Plasma metabolites (Figure 4) were analyzed separately for the recovery and subsequent exercise bout. Although care was taken to maintain patency of inserted cannulas, it was sometimes not possible to obtain blood samples from all participants. Thus, we were only able to analyse samples for five and six participants' during recovery and the subsequent exercise bout, respectively.

There were no differences in glucose concentrations between trials during recovery (p = 0.163), however there was a main effect of time (p < 0.001). For lactate concentrations there was a significant interaction between condition and time (p = 0.006) and post-hoc analysis showed significantly higher concentrations 1-h (p = 0.03), 2-h (p < 0.001), and 3-h (p = 0.01) into recovery in FRU + MD.

During the SS, there was a condition x time interaction for glucose (p < 0.001). Concentrations of plasma glucose were higher in GLU + MD at 45-min (p < 0.001), 60-min (p < 0.001) and at the end of the TT (p < 0.001), whereas there was only a significant effect of time for lactate (p < 0.001).
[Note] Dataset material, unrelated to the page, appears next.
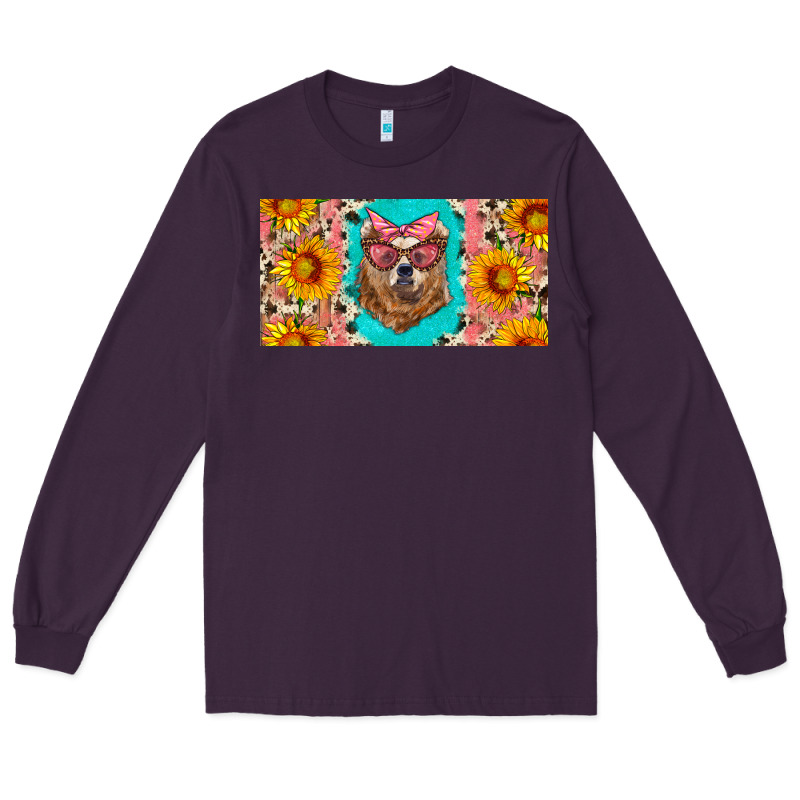 Mama Bear With Sunflowers And Glasses License Plate Long Sleeve Tee by Artiststas | Teevron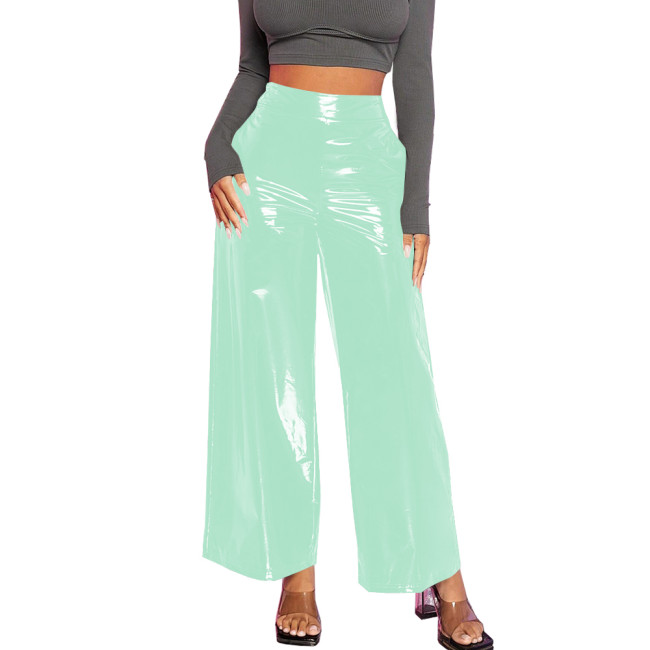 Office Lady Baggy Pants Casual Wetlook PVC Leather Women Clothing High Waist Solid Black Pants Gothic Streetwear Women Pants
There was no difference in GI comfort between trials in any of the measures (p > 0.05). During recovery average values for nausea, stomach fullness and abdominal cramping were 1.0 ± 0.0 and 1.0 ± 0.0; 1.2 ± 0.4 and 1.0 ± 0.1; and 1.6 ± 1.6 and 1.9 ± 1.7 for GLU + MD and FRU + MD, respectively. Average values during exercise for nausea, stomach fullness and abdominal cramping being 1.3 ± 0.4 and 1.2 ± 0.4; 1.0 ± 0.1 and 1.1 ± 0.2; and 1.8 ±1.3 and 1.6 ± 1.0 for GLU + MD and FRU + MD, respectively.